[Saved data entries]
··········

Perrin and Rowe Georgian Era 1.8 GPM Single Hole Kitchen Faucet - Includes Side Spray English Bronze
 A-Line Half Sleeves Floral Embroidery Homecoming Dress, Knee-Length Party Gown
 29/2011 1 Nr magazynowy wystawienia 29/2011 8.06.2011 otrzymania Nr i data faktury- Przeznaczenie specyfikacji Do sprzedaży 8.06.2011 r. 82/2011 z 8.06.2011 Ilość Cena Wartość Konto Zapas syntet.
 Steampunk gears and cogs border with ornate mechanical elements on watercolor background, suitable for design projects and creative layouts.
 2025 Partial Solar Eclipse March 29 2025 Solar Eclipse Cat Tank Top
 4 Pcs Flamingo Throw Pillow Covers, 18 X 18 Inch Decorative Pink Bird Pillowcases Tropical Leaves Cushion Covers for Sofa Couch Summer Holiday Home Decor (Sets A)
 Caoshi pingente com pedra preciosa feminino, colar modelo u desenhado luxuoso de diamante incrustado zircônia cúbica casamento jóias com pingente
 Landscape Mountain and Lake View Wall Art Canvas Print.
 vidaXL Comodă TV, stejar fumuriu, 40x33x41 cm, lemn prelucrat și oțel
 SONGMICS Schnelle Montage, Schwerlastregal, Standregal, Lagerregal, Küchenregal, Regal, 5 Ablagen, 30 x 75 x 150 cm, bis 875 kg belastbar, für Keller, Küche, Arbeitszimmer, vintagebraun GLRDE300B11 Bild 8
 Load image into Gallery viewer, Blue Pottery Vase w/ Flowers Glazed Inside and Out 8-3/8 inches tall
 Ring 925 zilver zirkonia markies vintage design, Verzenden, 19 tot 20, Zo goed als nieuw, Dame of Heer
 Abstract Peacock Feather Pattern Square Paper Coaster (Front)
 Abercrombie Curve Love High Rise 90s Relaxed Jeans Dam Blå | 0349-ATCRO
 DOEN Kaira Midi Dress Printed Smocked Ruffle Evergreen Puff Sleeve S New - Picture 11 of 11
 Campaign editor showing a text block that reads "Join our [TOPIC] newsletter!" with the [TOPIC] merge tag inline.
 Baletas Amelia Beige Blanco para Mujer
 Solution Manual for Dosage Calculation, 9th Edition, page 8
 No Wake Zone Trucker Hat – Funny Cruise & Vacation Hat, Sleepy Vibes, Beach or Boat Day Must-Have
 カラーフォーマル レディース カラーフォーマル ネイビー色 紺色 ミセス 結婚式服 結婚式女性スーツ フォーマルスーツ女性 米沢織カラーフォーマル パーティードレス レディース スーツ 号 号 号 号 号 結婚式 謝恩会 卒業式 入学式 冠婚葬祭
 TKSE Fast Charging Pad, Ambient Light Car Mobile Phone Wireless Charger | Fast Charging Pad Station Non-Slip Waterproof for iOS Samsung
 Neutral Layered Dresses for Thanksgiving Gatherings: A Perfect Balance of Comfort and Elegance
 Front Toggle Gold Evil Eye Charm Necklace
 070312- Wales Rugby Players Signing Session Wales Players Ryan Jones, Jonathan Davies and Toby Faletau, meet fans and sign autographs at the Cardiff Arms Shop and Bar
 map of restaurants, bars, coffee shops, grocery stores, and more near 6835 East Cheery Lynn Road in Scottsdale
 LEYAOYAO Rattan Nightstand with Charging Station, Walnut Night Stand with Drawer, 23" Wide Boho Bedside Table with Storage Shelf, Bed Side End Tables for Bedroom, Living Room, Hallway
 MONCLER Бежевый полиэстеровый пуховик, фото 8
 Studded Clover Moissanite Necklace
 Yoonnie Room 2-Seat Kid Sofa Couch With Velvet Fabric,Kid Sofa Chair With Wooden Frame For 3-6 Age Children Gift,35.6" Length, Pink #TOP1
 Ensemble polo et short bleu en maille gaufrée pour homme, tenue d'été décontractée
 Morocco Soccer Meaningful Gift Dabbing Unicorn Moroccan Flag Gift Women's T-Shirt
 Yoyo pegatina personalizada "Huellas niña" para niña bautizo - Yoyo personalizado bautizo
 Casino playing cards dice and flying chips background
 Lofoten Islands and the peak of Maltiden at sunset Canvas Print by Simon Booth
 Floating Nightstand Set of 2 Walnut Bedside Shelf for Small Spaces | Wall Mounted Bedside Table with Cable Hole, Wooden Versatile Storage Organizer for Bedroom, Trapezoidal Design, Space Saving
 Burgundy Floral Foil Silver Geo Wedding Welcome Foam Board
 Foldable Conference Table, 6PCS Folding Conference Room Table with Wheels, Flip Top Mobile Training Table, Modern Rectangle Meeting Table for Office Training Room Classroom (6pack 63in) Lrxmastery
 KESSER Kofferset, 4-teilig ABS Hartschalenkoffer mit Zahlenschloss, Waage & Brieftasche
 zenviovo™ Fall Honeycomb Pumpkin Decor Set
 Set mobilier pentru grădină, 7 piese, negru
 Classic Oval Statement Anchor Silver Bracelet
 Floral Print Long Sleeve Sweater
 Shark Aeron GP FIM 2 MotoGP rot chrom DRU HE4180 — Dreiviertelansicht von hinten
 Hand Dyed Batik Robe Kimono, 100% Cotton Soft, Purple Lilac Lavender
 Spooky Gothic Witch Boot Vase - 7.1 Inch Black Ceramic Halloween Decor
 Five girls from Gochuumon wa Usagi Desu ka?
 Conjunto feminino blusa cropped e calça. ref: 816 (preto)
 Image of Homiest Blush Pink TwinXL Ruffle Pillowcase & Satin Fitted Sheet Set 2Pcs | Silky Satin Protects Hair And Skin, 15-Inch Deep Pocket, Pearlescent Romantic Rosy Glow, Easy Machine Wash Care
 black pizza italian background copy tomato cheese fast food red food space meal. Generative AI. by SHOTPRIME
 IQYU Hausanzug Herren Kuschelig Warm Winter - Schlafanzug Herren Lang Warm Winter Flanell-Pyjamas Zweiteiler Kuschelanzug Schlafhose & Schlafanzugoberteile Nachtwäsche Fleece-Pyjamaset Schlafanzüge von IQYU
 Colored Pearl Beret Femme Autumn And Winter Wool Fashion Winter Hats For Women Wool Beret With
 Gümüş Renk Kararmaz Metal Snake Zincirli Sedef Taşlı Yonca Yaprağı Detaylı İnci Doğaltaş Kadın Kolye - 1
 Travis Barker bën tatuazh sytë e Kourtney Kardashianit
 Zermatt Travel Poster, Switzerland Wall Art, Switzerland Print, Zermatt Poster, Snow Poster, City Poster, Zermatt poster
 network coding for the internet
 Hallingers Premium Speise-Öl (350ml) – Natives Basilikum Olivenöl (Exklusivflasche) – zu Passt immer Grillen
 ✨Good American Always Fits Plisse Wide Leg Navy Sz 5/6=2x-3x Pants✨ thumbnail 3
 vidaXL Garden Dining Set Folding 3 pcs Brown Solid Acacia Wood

··········

# Your assignment
Your task is to list each line of the records with the word "Hole".

# Result
Perrin and Rowe Georgian Era 1.8 GPM Single Hole Kitchen Faucet - Includes Side Spray English Bronze
 Floating Nightstand Set of 2 Walnut Bedside Shelf for Small Spaces | Wall Mounted Bedside Table with Cable Hole, Wooden Versatile Storage Organizer for Bedroom, Trapezoidal Design, Space Saving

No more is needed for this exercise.